Research on deliberate metaphor has suggested that novel metaphors will typically be deliberate whereas conventional metaphors are not, although this does not mean that all conventional metaphor is necessarily non-deliberate (Steen 2010). This paper will shift the focus to poetic metaphor (i.e., metaphor attested in poetic discourse), aiming to explore its relationship with deliberateness. It will show that poetic metaphors are typically novel in linguistic and conceptual terms, nevertheless they can also be conventional; for example, conventionalized metaphorical expressions that are endowed with a novel, enriched meaning by virtue of the linguistic context and/or the textual pattern in which they are embedded (cf. revitalization; Müller 2008). Whether conventional or novel, however, poetic metaphors are deliberate; they are intended to be processed metaphorically, inviting the reader/hearer to opportunistically switch to another conceptual domain in terms of which to conceive the target of the metaphor. This finding has important implications for metaphor research in that (a) it emphasizes the need to account for the role of genre in deliberate metaphor (see Steen 2013); and (b) it entails that poetic metaphors can be viewed as a unified category in terms of deliberateness, notwithstanding their diversity at the linguistic and conceptual level. In methodological terms, the analysis is based on a small, specialized corpus of Modern Greek poetry containing poetic metaphors of time.

 

References

Müller, C. (2008). Metaphors dead and alive, sleep and waking. London: University of Chicago Press.

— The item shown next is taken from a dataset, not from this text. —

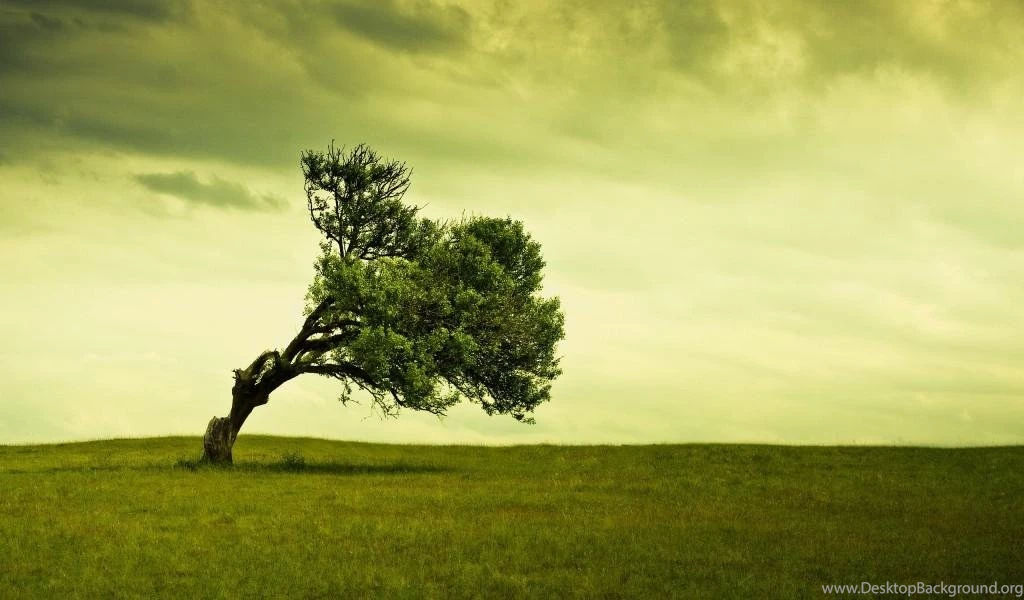 Desktop Nature Wallpapers Tree At Lake Wanaka Desktop Backgrounds ...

Steen, G. J. (2010). “When is metaphor deliberate?”. In Johannesson, N.-L., Alm-Arvious, C. & Minugh, D. C. (eds.), Selected papers from the Stockholm 2008 Metaphor Fetsival (Stockholm Studies in English), pp. 43-63. Stockholm: University of Stockholm.

Steen, G. J. (2013). “Deliberate metaphor affords conscious metaphorical cognition”. In Journal of Cognitive Semiotics 5(1-2): 179-197.